O espaço múltiplo da telepresença, por Bianca Tinoco

Corpos Replexo.jpg
Performance "Replexo", do grupo Corpos Informáticos (UnB), SESC-Pinheiros, SP
fotografia: Lilian Amaral e Marta Mencarini
performer: Diego Azambuja

O espaço múltiplo da telepresença

BIANCA TINOCO

Pesquisadores de arte tecnológica se dedicam a obras que conectam o espectador a locais remotos

Desejo humano desde tempos imemoriais, a capacidade de estar simultaneamente em dois lugares tornou-se uma realidade banal no século XXI. Os avanços na transmissão via satélite e nas redes de telecomunicações permitem que teleconferências juntem no mesmo ambiente executivos de Nova York, Tóquio, Barcelona e São Paulo, os quais interagem por meio de suas imagens projetadas. Atravessando fusos horários e distâncias espaciais, softwares de comunicação em tempo real aproximam amigos distantes ao apresentá-los um ao outro em imagem e voz. A transmissão digital de gestos e movimentos para um local distante do emissor constitui a matéria-prima da telepresença, uma das principais vertentes da arte tecnológica em prática no Brasil.

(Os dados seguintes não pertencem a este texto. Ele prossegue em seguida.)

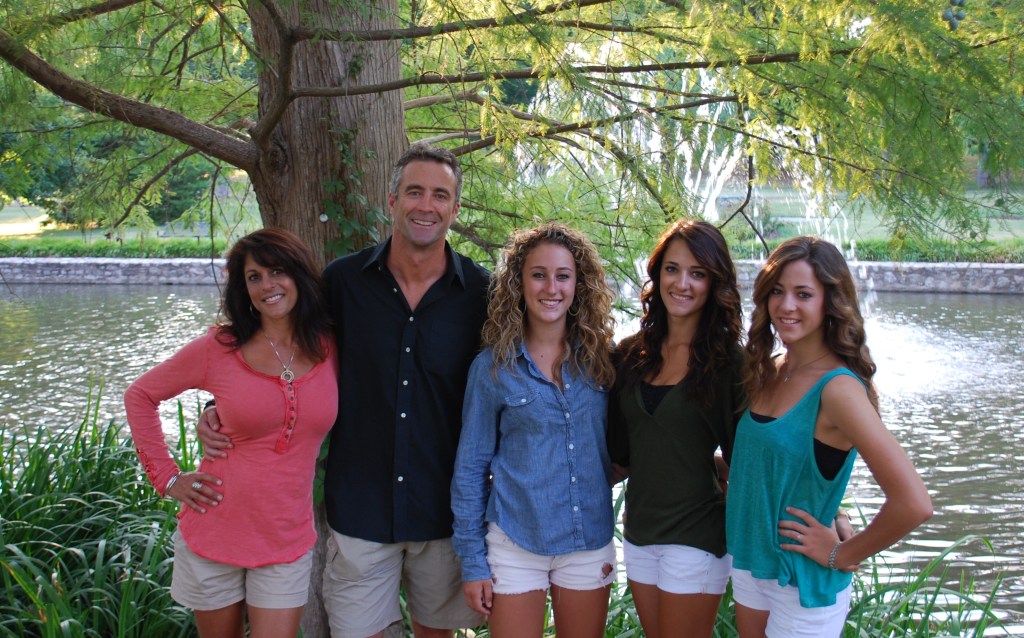 Dr. Olson with his wife and 3 daughters in front of a pond with fountain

A arte em telepresença é definida de diferentes maneiras por teóricos mundiais. Todos pressupõem um indivíduo, o interator, capaz de influir em um espaço físico distante através de um meio tecnológico, que pode ser a internet, o sistema de mensagens do celular ou a transmissão de dados via satélite. A partir daí, os estudiosos divergem. Para Lucia Santaella, professora no Departamento de Comunicação e Semiótica da PUC-SP, são necessárias apenas as condições acima para que se configure a telepresença. O 29º livro da autora, Linguagens líquidas na era da mobilidade, está em fase de finalização e versará sobre o tema.

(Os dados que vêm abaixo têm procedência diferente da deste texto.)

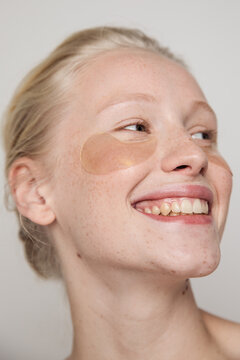 Young happy freckled model with golden under-eye patches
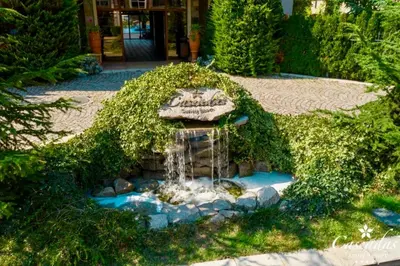 a small fountain in the middle of a garden at Студио Каскадас К34 in Sunny Beach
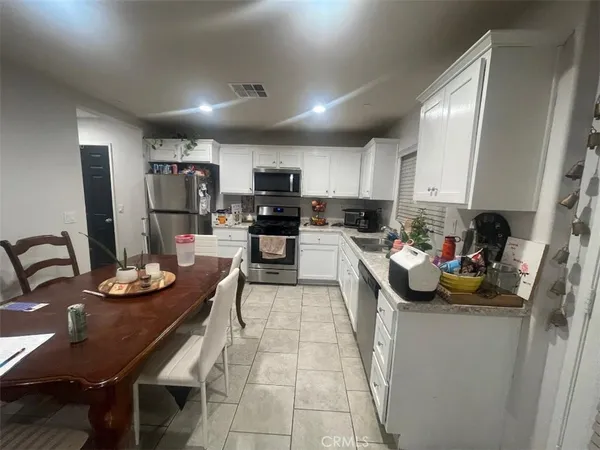 a kitchen with sink cabinets and appliances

A ação mais sofisticada nesse sentido, segundo ela, é a que estabelece uma conexão entre interatores, de um lado, e robôs capazes de realizar movimentos, de outro. "O interator pode, por exemplo, cuidar de um jardim por meio de um sistema robótico, sem que esse ato seja performático", esclarece.

Lucia Santaella refere-se a The telegarden, trabalho pioneiro do americano Ken Goldberg iniciado em 1995 e ativo até 2004 no Museu de Arte Eletrônica na Áustria. A obra consistia em um robô que regava, podava e cuidava de plantas obedecendo aos comandos de internautas. Entre os adeptos brasileiros da telepresença, Lucia destaca Eduardo Kac, radicado nos Estados Unidos, Diana Domingues e a dupla Gilbertto Prado e Luisa Donatti.

telegarden-600dpi.jpg
The telegarden (1995-2004), de Ken Goldberg, pioneira no uso da telepresença. Nela, um robô comandado por internautas rega, poda e cuida de plantas.
Crédito: divulgação

Diana Domingues é citada graças a um único trabalho do gênero, INSN(H)AK(R)ES (1998). Nele, uma microcâmera na cabeça de uma cobra, na verdade um robô com controle remoto, dá aos internautas a visão e os movimentos do animal em meio ao serpentário do Museu de Ciências Naturais da Universidade de Caxias do Sul (UCS). "Ao lidar com essa realidade espantosa, o interator passa por um ritual de incorporação, em uma reafirmação do espaço físico distante e também do corpo conectado", ressalta Diana, professora do Departamento de Artes da UCS, diretora do grupo de pesquisa Artecno e autora de Arte e vida no século XXI (Edusp, 2003).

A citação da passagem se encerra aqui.